Re: RARA-AVIS: Characteristics of noir

From: Al Guthrie ( allanguthrie@ukonline.co.uk)
Date: 11 Feb 2003


----- Original Message ----- From: "Robison Michael R CNIN" < Robison_M@crane.navy.mil>

> I've been thinking about noir. Oftentimes the origin of noir
> fiction is pegged in the early Thirties, pointing to works by
> James Cain, Paul Cain, Raoul Whitfield, and even Faulkner.
> Can you think of any noir characteristics that separate these
> works from earlier ones by Conrad, Dostoyevsky, Shakespeare,
> or even Greek tragedy?

To expand on Mario's point:

Here's an extract from "The Revenger's Tragedy" web site. www.revengerstragedy.com

"REVENGERS TRAGEDY is based on the classic play by Thomas Middleton.
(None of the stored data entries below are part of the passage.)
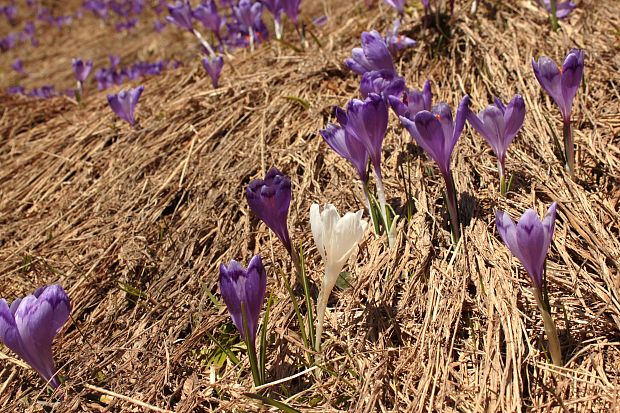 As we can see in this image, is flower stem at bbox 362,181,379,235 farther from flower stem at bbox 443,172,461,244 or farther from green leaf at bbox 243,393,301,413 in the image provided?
green leaf at bbox 243,393,301,413

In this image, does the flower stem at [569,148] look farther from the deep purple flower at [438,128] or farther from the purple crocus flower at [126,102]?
the purple crocus flower at [126,102]

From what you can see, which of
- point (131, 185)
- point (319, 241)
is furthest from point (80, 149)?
point (319, 241)

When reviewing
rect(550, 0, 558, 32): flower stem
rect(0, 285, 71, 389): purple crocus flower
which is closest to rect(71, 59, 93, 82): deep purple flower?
rect(0, 285, 71, 389): purple crocus flower

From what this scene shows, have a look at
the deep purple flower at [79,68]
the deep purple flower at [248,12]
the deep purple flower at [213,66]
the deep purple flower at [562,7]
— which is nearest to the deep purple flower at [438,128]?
the deep purple flower at [562,7]

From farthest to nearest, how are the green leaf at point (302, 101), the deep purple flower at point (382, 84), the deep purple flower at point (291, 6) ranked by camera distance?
the deep purple flower at point (291, 6), the green leaf at point (302, 101), the deep purple flower at point (382, 84)

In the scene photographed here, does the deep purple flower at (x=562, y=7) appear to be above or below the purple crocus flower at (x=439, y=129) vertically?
below

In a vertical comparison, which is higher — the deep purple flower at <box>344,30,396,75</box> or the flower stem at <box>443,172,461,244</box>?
the deep purple flower at <box>344,30,396,75</box> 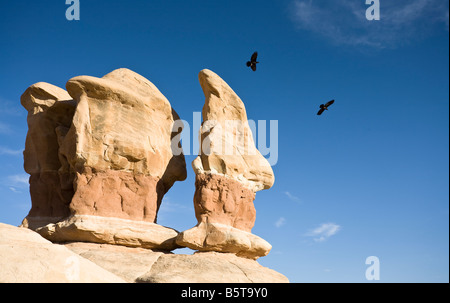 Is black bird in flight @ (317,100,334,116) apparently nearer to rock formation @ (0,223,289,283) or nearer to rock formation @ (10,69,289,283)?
rock formation @ (10,69,289,283)

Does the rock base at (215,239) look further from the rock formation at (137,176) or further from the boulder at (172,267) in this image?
the boulder at (172,267)

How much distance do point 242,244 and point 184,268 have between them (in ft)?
9.11

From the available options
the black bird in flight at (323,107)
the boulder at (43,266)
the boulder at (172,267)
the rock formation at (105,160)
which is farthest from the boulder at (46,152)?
the black bird in flight at (323,107)

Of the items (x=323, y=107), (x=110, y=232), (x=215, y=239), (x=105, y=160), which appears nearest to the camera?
(x=110, y=232)

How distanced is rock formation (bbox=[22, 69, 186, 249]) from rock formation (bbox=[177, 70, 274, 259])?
138 centimetres

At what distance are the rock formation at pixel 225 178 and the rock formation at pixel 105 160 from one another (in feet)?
4.54

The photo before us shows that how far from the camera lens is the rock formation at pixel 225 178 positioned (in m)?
14.5

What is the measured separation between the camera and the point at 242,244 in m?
14.6

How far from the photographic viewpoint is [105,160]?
597 inches

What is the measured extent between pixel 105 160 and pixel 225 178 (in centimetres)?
375

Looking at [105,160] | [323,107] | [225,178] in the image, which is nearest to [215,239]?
[225,178]

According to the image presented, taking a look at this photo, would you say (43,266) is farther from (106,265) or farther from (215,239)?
(215,239) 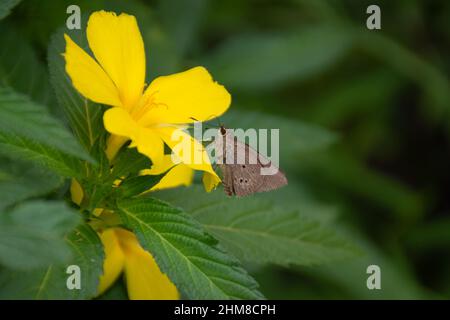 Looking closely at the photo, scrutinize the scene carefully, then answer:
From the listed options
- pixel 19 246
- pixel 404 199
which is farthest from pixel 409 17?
pixel 19 246

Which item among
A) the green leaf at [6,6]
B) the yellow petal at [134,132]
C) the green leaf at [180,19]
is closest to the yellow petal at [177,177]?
the yellow petal at [134,132]

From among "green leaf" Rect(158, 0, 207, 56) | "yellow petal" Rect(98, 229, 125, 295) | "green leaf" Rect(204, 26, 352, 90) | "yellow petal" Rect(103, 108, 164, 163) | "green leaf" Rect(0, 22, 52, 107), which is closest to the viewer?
"yellow petal" Rect(103, 108, 164, 163)

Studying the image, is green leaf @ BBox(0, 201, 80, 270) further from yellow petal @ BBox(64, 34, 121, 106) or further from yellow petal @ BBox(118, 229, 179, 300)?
yellow petal @ BBox(118, 229, 179, 300)

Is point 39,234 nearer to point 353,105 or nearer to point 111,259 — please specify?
point 111,259

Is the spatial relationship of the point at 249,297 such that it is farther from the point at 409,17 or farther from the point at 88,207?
the point at 409,17

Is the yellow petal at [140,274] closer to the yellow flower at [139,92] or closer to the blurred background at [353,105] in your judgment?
the yellow flower at [139,92]

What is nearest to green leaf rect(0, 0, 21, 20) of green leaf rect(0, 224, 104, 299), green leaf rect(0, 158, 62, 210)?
green leaf rect(0, 158, 62, 210) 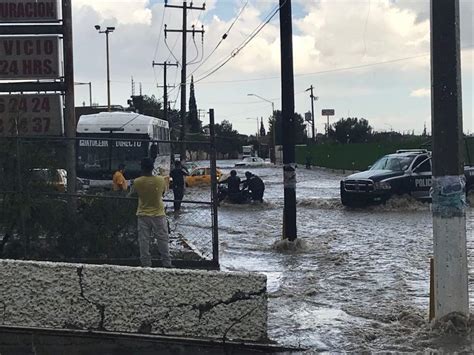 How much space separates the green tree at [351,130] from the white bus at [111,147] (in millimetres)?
80991

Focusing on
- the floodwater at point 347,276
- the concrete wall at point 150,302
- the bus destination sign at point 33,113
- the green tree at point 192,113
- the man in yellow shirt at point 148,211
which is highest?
the green tree at point 192,113

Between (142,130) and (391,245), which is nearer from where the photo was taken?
(391,245)

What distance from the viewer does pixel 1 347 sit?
6465 mm

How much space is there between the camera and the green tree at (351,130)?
105 meters

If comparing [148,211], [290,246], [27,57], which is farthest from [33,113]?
[290,246]

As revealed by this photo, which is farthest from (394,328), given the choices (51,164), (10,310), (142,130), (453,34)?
(142,130)

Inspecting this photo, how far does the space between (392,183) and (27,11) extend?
1512cm

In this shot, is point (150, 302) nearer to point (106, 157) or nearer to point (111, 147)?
point (106, 157)

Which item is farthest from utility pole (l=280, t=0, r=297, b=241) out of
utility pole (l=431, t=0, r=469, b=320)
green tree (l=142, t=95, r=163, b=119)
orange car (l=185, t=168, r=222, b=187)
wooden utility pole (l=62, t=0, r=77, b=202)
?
green tree (l=142, t=95, r=163, b=119)

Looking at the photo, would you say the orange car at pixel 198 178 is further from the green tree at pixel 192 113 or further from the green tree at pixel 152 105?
the green tree at pixel 152 105

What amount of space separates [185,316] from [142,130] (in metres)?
17.9

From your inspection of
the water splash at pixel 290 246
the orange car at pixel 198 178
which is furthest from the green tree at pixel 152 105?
the water splash at pixel 290 246

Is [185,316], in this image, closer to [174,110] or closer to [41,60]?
[41,60]

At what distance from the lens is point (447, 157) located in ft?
23.8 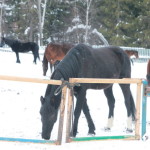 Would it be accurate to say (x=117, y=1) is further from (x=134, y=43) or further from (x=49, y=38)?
(x=49, y=38)

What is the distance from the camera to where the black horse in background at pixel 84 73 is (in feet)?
16.7

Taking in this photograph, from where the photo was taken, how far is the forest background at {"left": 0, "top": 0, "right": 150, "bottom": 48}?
3391cm

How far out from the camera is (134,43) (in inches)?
1340

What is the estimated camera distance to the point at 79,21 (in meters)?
38.6

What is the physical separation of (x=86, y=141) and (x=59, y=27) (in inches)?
1343

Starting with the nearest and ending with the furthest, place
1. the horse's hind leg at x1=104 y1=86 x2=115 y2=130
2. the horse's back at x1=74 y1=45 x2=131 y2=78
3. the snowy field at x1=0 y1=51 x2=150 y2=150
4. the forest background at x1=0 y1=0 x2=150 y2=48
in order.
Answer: the snowy field at x1=0 y1=51 x2=150 y2=150
the horse's back at x1=74 y1=45 x2=131 y2=78
the horse's hind leg at x1=104 y1=86 x2=115 y2=130
the forest background at x1=0 y1=0 x2=150 y2=48

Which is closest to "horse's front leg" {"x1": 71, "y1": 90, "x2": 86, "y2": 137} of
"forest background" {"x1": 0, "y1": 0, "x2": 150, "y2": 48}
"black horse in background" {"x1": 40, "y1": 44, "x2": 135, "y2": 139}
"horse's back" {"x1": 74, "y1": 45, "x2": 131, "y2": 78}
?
"black horse in background" {"x1": 40, "y1": 44, "x2": 135, "y2": 139}

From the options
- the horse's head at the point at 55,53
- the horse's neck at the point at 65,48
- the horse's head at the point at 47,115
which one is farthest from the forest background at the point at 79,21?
the horse's head at the point at 47,115

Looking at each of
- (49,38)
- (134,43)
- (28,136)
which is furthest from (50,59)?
(49,38)

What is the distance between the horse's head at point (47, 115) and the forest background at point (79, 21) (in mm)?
28946

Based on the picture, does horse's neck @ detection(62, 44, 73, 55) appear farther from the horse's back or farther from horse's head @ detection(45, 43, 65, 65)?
the horse's back

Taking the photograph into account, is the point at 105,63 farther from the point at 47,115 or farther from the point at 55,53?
the point at 55,53

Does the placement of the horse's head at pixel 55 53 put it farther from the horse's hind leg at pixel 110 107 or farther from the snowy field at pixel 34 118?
the horse's hind leg at pixel 110 107

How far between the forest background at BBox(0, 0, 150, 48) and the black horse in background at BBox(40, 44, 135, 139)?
27.1 metres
It was first published, anonymously, in 1607, having been performed by Shakespeare's company, the King's Men. Middleton was one of Shakespeare's young collaborators: he also worked on MACBETH and MEASURE FOR MEASURE. In the 1650s, authorship of the play was ascribed to another playwright and poet, Cyril Tourneur. Modern critics view this as a mistake, and attribute the play to Middleton, who also wrote THE CHANGELING, WOMEN BEWARE WOMEN and A GAME AT CHESS.

REVENGERS TRAGEDY was long viewed as the product of a demented or diseased mind. In the nineteenth century, William Archer wrote in The Old Drama & The New: "I will only ask whether such monstrous melodrama as REVENGERS TRAGEDY, with its hideous sexuality and its raging lust for blood, can be said to belong to civilised literature at all? I say it is a product either of sheer barbarism, or of some pitiable psychopathic perversion."

This is how the story is described by Alex Cox, the director of the forthcoming film (my caps):
"the story is about that English class of TITLED GANGSTERS, the
'Aristocracy': with its intrigues, indiscretions, betrayals, lost fortunes, and sudden deaths."

And this is a description of Vindice, the play's main character (not a Jim Thompson psychopath):

"In love with the skull of his dead wife, infatuated with his sister, doing his best to make his mother prostitute her daughter, he has his share of problems," says Cox. "What makes him appealing is that he's so funny. He is a comedian -- a very dark comedian, who murders people in ironic ways."

Noir's just a label. One which no doubt will be applied to film, but, for obvious reasons, was never applied to the play. Noir's been around for a long time, in my opinion. Those Jacobean dramatists were a pretty dark bunch.